The Observer, 7 September 2008

Gethin Chamberlain

THE last time I stayed in a guesthouse in the UK, it was remarkable only for the fact that it was painted pink. The first guesthouse I visited in India was in the pink-painted city of Jaipur. Fortunately, the similarities ended there.

Whereas Dreary-on-Sea featured a slightly camp host whose interior design skills defied stereotypes and accommodation that exuded defeat, the Jaipur flagship of a new wave of Indian B&Bs offered a glimpse of a world no ordinary hotel chain could hope to provide.

We are sitting on wicker chairs in a small, open-sided structure at the edge of an immaculate lawn as dusk falls. What appears to be a one-legged bird is hopping clumsily across the grass, pecking industriously at the grass. Away to the east, the elephants that plough up and down the shore of the lake that surrounds the Jai Mahal palace are nearing the end of their working day.
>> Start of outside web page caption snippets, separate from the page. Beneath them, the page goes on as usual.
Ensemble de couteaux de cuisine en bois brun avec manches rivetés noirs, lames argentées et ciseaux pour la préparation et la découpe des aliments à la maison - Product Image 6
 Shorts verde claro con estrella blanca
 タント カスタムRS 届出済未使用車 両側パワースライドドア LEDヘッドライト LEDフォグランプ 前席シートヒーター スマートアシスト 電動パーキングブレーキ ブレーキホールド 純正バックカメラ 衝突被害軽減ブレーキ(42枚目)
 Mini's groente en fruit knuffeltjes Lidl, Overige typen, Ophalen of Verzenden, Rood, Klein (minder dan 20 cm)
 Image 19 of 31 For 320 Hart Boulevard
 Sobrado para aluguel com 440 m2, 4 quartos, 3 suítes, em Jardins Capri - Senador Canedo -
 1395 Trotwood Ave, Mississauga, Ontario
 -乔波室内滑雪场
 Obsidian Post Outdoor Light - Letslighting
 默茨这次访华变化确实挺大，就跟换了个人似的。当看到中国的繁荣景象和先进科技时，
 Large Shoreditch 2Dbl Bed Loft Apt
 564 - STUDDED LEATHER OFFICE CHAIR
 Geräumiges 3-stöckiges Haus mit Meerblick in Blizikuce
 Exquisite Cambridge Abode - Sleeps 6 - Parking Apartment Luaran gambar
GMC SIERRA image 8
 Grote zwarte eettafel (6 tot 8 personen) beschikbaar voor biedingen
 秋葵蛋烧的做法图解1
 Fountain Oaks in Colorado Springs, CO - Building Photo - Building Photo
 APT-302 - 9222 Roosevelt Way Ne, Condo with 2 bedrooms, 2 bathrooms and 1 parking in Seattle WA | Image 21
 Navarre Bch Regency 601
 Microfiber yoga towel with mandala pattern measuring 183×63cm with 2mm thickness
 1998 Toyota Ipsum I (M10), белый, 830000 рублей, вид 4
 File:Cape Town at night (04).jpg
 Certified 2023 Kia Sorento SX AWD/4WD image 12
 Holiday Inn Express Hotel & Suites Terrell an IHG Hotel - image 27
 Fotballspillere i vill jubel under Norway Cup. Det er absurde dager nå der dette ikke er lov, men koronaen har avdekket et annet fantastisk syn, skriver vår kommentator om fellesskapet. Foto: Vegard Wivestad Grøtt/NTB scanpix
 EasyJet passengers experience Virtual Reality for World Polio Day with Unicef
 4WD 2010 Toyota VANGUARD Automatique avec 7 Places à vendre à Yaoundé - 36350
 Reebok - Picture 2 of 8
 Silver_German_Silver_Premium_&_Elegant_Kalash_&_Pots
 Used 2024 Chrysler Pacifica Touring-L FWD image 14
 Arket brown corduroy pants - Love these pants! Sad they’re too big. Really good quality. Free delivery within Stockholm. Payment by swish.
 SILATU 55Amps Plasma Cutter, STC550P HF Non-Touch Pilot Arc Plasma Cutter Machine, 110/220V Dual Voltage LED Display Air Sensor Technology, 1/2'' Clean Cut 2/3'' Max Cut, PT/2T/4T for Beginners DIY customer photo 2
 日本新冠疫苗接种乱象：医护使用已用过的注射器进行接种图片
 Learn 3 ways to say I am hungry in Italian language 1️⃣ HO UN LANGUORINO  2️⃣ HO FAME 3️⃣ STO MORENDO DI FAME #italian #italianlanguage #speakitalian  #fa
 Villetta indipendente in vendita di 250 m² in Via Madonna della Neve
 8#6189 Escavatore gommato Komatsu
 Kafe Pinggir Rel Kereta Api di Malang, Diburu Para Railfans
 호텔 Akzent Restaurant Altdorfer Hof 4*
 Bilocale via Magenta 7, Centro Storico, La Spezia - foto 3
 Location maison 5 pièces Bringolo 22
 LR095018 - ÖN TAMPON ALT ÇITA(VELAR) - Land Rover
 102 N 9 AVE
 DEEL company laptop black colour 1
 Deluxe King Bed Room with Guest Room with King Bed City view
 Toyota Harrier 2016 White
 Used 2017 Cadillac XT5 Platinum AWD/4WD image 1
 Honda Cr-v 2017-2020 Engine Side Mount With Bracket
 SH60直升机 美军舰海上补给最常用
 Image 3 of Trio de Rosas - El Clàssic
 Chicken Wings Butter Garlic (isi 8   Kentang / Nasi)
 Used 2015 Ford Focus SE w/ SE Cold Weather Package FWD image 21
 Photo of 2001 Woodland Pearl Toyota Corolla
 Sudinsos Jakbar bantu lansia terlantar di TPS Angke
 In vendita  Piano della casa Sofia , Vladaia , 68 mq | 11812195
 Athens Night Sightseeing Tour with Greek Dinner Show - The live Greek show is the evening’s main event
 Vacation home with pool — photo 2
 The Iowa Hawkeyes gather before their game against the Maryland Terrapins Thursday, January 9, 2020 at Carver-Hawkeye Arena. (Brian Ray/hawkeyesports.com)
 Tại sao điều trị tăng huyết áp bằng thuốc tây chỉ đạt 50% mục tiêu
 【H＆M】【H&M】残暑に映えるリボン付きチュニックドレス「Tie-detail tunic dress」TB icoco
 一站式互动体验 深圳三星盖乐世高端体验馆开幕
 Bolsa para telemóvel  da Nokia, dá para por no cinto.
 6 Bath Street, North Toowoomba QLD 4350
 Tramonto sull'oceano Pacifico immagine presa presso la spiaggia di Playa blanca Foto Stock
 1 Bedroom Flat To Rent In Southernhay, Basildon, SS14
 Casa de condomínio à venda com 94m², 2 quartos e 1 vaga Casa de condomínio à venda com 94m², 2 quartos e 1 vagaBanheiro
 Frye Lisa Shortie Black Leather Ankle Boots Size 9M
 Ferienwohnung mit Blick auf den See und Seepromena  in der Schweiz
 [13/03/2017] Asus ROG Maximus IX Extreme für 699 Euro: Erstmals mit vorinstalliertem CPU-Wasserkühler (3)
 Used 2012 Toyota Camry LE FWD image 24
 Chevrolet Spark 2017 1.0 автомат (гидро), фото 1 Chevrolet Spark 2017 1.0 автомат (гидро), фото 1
As the light fails, the city - originally painted yellow, but now repainted a deep, almost orange shade of pink - glows in the twilight.

The lawn is bounded on two sides by the balconied wings of an imposing, beautifully decorated house, the Madhu Pushp Bhawan. Overhead, a fan is throwing mosquitoes off course.

We are in the state of Rajasthan, which the Rough Guide warns is notoriously unwelcoming to drinkers, yet the remains of a bottle of chilled Kingfisher beer stands on the table. Half of it is in my glass, the rest in that of Madhavendra Singh Chauhan, former chief conservator of wildlife in Rajasthan’s forestry department. Mr Chauhan is a man of means, a Rajput; a member of the warrior class, he explains.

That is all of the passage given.